Start the server to listen on all network interfaces:

$ python -m pretenders.server.server --host 0.0.0.0 --port 8000

If you prefer, you can run the pretenders server in docker:

docker run -d --name pretenders -p 8000 pretenders/pretenders:1.4

HTTP mock in a test case

Sample HTTP mocking test case:

from pretenders.client.http import HTTPMock
from pretenders.common.constants import FOREVER

# Assume a running server
# Initialise the mock client and clear all responses
mock = HTTPMock('localhost', 8000)

# For GET requests to /hello reply with a body of 'Hello'
mock.when('GET /hello').reply('Hello', times=FOREVER)

# For the next three POST or PUT to /somewhere, simulate a BAD REQUEST status code
mock.when('(POST|PUT) /somewhere').reply(status=400, times=3)

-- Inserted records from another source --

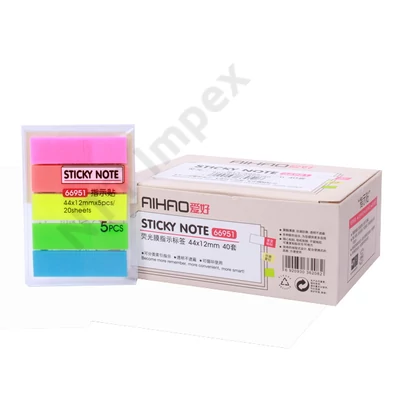 NTT3052PIEE Öntapadós jegyzet 44x12mm 40db/cs NTT3052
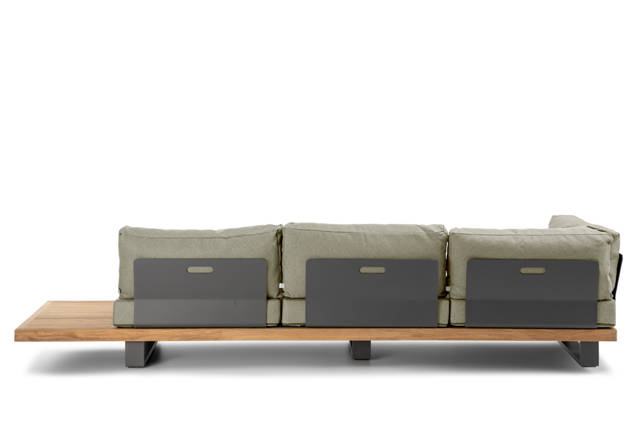 Amalfi 3er Loungebank Ecke Aluminium 2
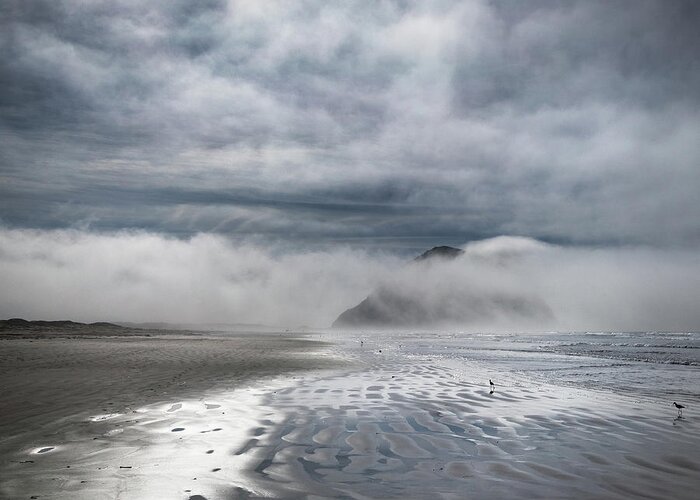  Greeting Card featuring the photograph Morro Rock #2 by Lars Mikkelsen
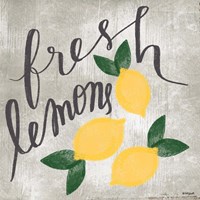 Fresh Lemons Fine Art Print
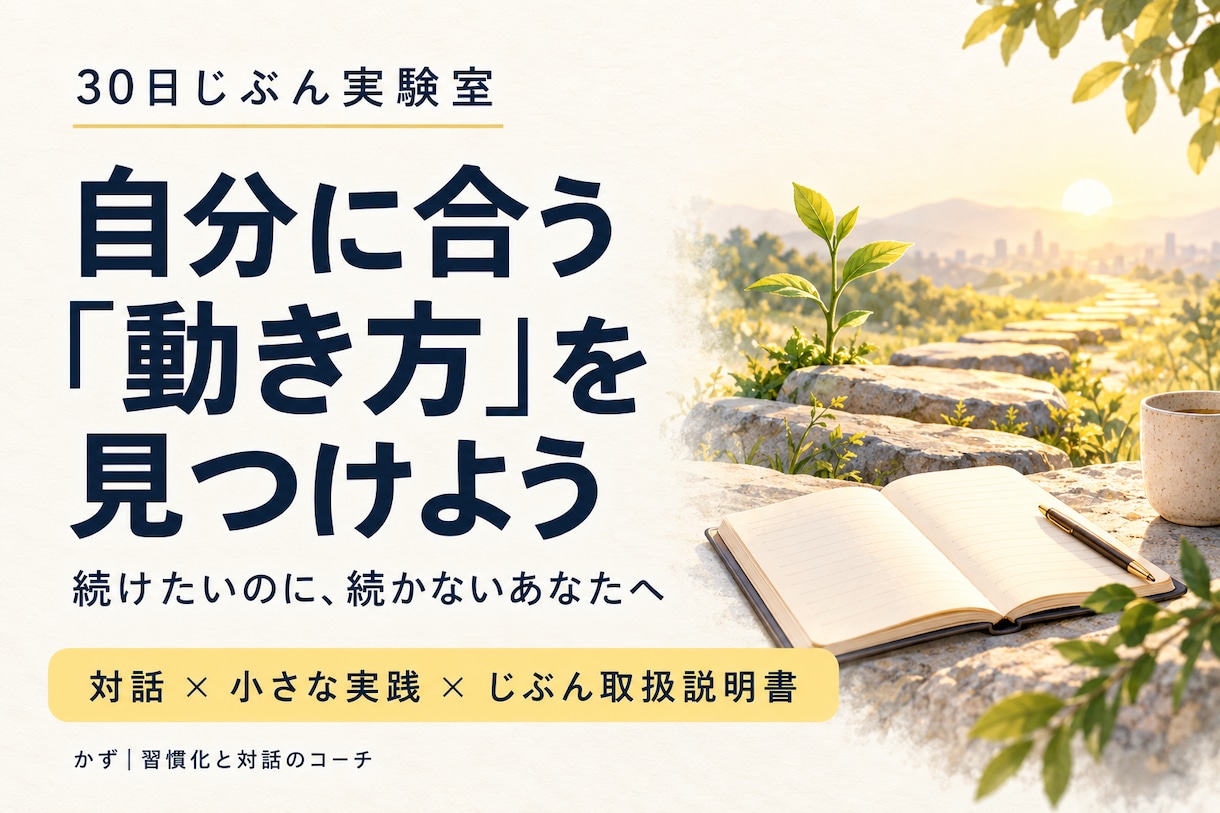 先延ばしを整理し最初の一歩を一緒に決定します 本業・家事・副業で忙しいあなたへ。60分で行動プランを整理 イメージ1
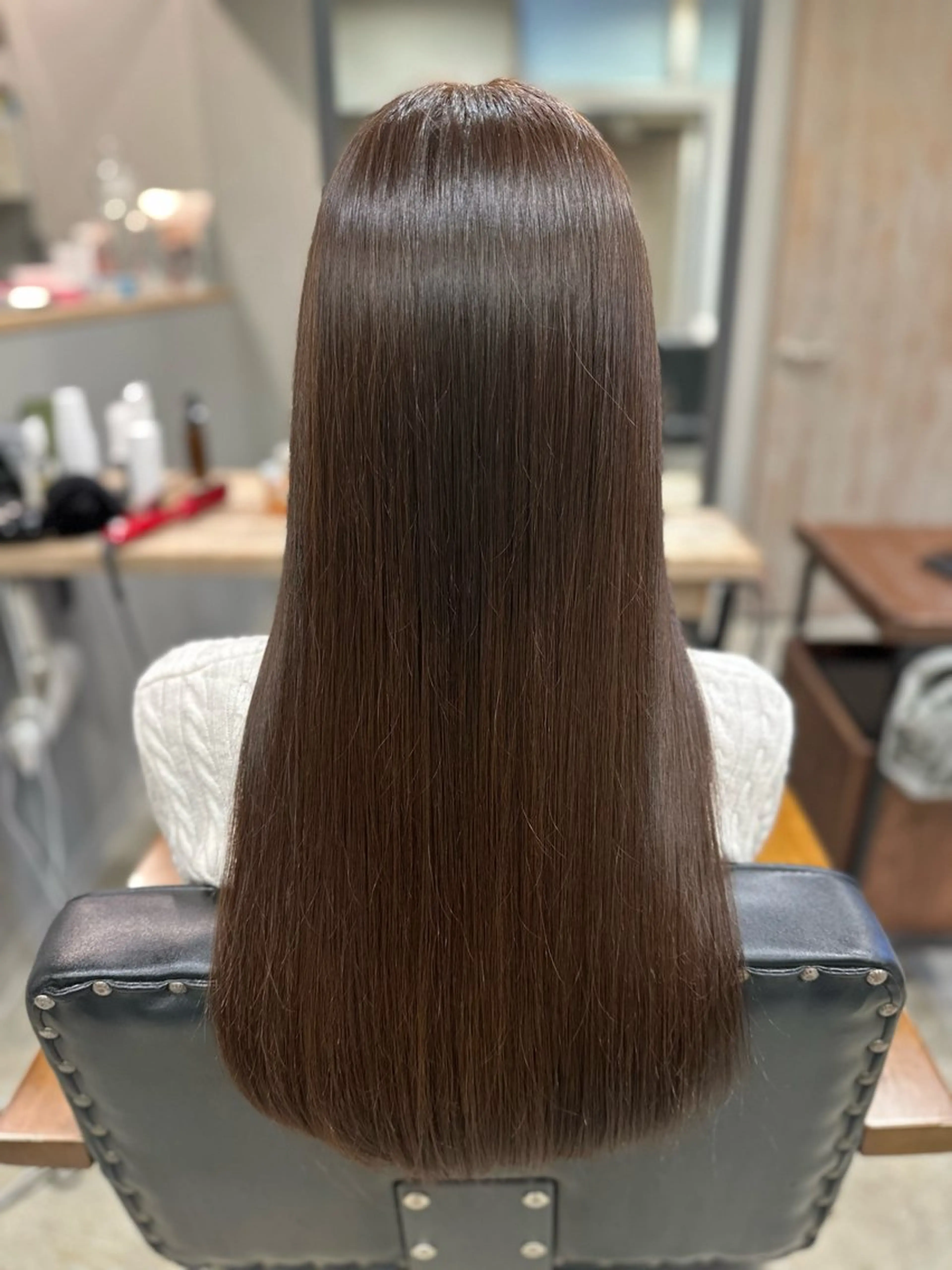 カラー カット ヘアカラー 奥田 早織のヘアスタイル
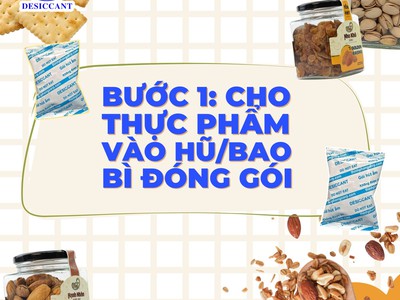 Chống ẩm 3 bước cực dễ với gói hút ẩm Clay OPP Thịnh Phong 1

# For the next request (any method, any URL) respond with some JSON data
mock.reply('{"temperature": 23}', headers={'Content-Type': 'application/json'})

# For the next GET request to /long take 100 seconds to respond.
mock.when('GET /long').reply('', after=100)

# If you need to reply different data depending on request body
# Regular expression to match certain body could be provided
mock.when('POST /body_requests', body='1.*').reply('First answer', times=FOREVER)
mock.when('POST /body_requests', body='2.*').reply('Second answer', times=FOREVER)

# Your code is exercised here, after setting up the mock URL
myapp.settings.FOO_ROOT_URL = mock.pretend_url
...

# Verify requests your code made
r = mock.get_request(0)
assert_equal(r.method, 'GET')
assert_equal(r.url, '/weather?city=barcelona')

HTTP mocking for remote application

Sometimes it is not possible to alter the settings of a running remote application on the fly. In such circumstances you need to have a predetermined url to reach the http mock on so that you can configure correctly ahead of time.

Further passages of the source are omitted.